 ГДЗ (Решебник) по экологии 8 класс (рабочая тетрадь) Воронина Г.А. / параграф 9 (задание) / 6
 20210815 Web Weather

==

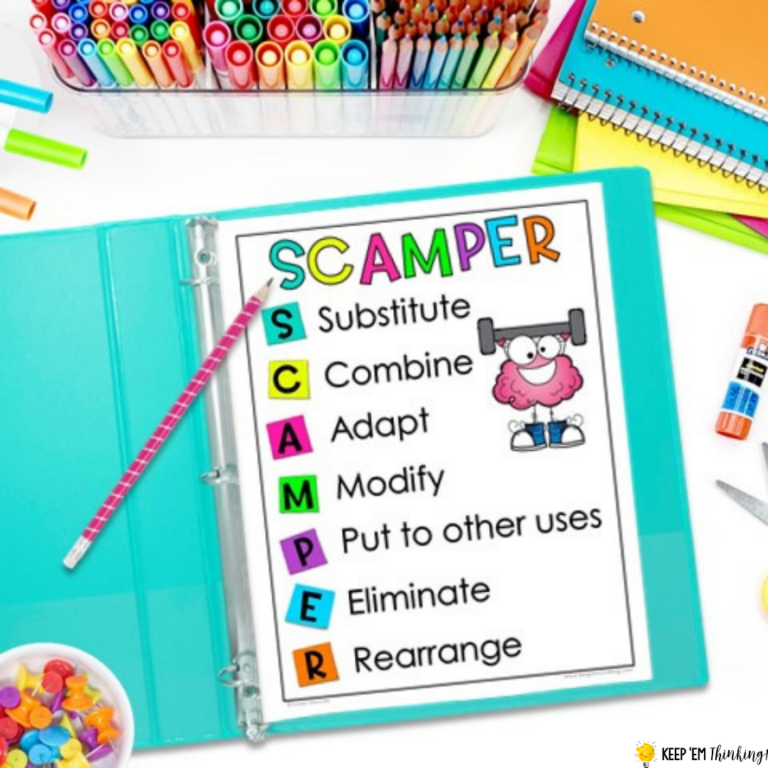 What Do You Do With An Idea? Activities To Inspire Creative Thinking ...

| PROBLEM STATEMENT |
Look above for the line holding "ГДЗ (Решебник) по". Print it and every line after it, exactly, through the line holding "20210815 Web Weather".

| ANSWER SECTION |
 ГДЗ (Решебник) по экологии 8 класс (рабочая тетрадь) Воронина Г.А. / параграф 9 (задание) / 6
 20210815 Web Weather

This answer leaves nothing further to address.